Either way, the result has been some broad-level weakness from the sector’s biggest concepts. 

QSR pizza chains have seen their average sales slow for the past year and a half. Domino’s was the only one of the three big publicly traded pizza chains, also including Pizza Hut and Papa Johns, to record any same-store sales growth last year. Both Papa Johns and Pizza Hut’s U.S. business replaced their top executives last year. 

On the other hand, third-party delivery companies, notably DoorDash and Uber Eats, have enjoyed sales growth over that period. The expense of that service suggests that people with more money have been spreading their spending around when they want food delivered to their homes. 

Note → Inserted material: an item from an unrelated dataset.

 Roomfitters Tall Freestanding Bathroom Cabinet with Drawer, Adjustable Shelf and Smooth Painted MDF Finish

That’s left pizza chains with lower-income diners. Those diners have cut back on their restaurant visits. And they’ve gravitated toward value. They’ve also been a lot more likely to get their pizzas from the restaurant, rather than have them delivered. 

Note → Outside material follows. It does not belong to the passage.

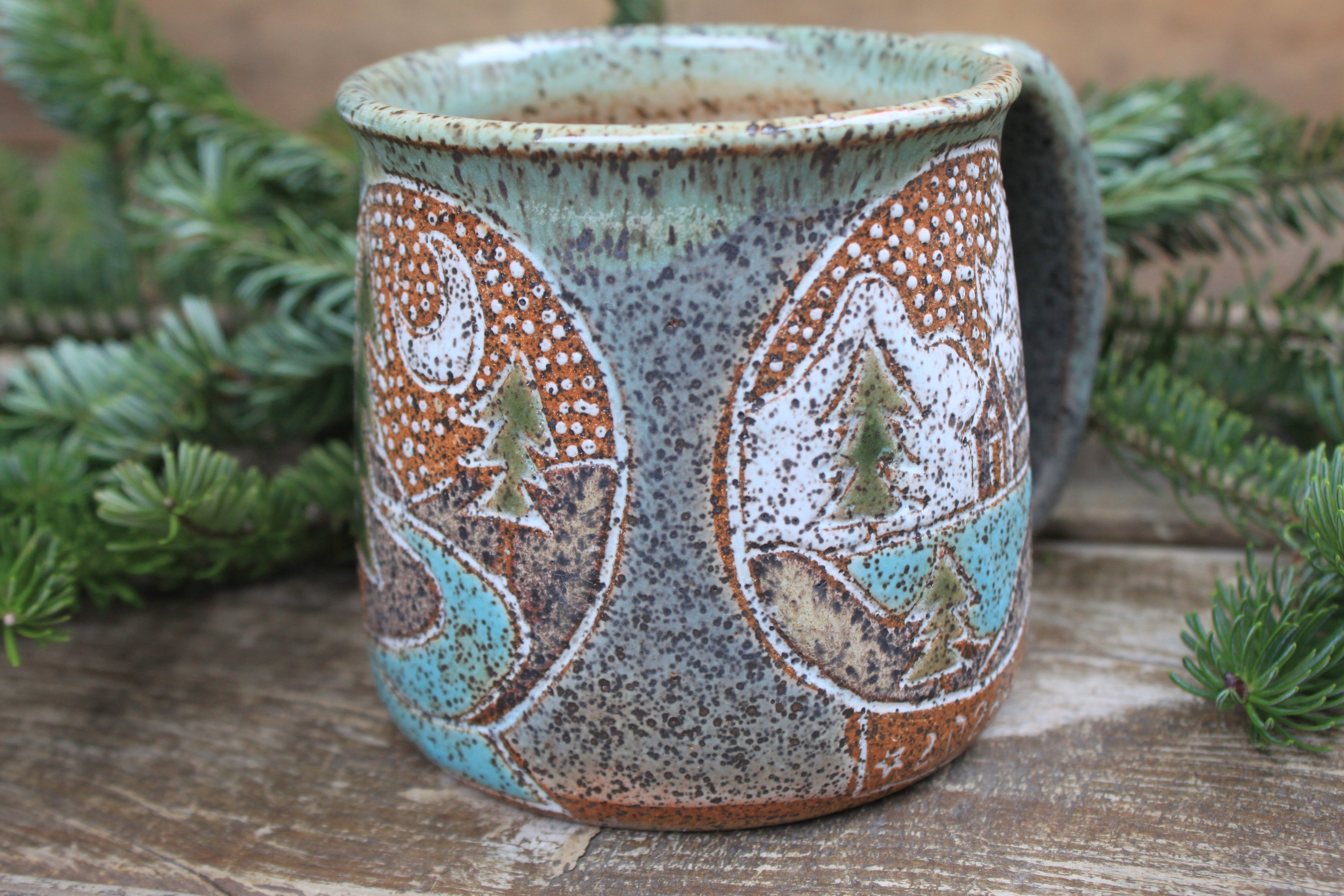 Distant Mountain Snow Globe Dreams Carved Mug, 18 oz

Domino’s numbers demonstrate this shift. Same-store sales in the fourth quarter increased 3.2% for carryout orders, but delivery same-store sales declined 1.4%. Given that pricing increased 2.3%, that means customers ordered a lot fewer pizzas for delivery. 

The company also kicked off its exclusive arrangement with Uber Eats. By the fourth quarter, the delivery company accounted for 2.7% of Domino’s sales—suggesting the chain would have reported negative same-store sales but for that Uber Eats deal. 

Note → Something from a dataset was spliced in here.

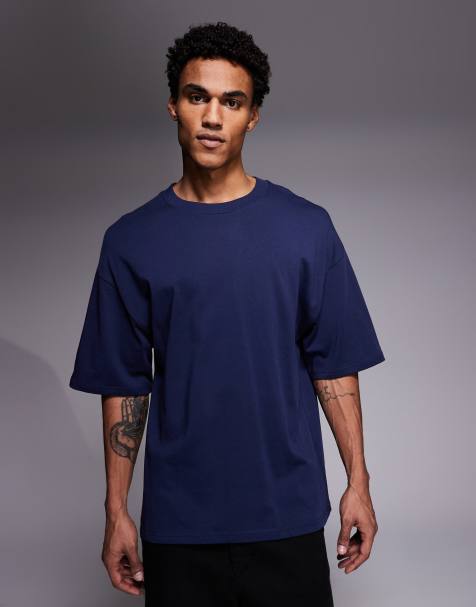 River Island - Oversized recht T-shirt in marineblauw - view 1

Domino’s exclusive arrangement with Uber Eats ends on May 1, but the pizza chain is negotiating with other providers now and may start testing such deals soon. “The aggregator marketplace is the fastest-growing segment with QSR pizza, and we’re just getting started,” Weiner said. 

The company believes expanding its use of aggregators, along with growth in loyalty and the company’s “traffic-driving catalysts” will result in full-year same-store sales “in line” with its 3% long-term target. That suggests an improvement from late-2024 results. 

“We really have a bunch of initiatives in our marketing calendar,” Reddy said. “We weren’t shy about rolling out a whole bunch of them in 2024. We have similar plans in 2025.”